### Try it
Write out again, exactly, the lines below starting at the one with "Andorra (FRANZ. POST)" and ending at the one with "Premium Handcrafted Oxford".

---------------

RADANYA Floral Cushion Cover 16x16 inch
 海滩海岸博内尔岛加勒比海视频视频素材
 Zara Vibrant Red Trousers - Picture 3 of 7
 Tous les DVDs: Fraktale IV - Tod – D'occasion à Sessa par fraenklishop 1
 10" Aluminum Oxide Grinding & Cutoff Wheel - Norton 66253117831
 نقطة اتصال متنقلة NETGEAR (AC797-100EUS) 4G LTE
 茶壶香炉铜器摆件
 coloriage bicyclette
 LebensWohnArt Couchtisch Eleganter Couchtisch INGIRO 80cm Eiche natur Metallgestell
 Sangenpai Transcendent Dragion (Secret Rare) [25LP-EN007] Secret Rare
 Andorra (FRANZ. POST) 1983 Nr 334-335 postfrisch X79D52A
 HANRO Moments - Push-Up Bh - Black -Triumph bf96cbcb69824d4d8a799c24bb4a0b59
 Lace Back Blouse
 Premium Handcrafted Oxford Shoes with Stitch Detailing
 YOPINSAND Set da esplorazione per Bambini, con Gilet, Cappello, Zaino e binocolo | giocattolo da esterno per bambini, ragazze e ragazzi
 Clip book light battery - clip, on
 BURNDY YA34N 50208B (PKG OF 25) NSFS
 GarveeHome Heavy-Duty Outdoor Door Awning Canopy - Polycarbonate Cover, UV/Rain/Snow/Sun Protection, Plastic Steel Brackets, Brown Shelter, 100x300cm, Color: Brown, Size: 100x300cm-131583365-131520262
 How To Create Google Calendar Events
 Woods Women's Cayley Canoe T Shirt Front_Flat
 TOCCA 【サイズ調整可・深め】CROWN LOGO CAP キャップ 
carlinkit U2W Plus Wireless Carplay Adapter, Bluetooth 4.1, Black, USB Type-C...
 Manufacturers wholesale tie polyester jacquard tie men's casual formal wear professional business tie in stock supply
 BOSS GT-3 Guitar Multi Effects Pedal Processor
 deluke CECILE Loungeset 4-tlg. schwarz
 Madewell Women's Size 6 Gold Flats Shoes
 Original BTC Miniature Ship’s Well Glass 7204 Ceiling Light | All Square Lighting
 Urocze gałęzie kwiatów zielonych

---------------

### Task result
 Andorra (FRANZ. POST) 1983 Nr 334-335 postfrisch X79D52A
 HANRO Moments - Push-Up Bh - Black -Triumph bf96cbcb69824d4d8a799c24bb4a0b59
 Lace Back Blouse
 Premium Handcrafted Oxford Shoes with Stitch Detailing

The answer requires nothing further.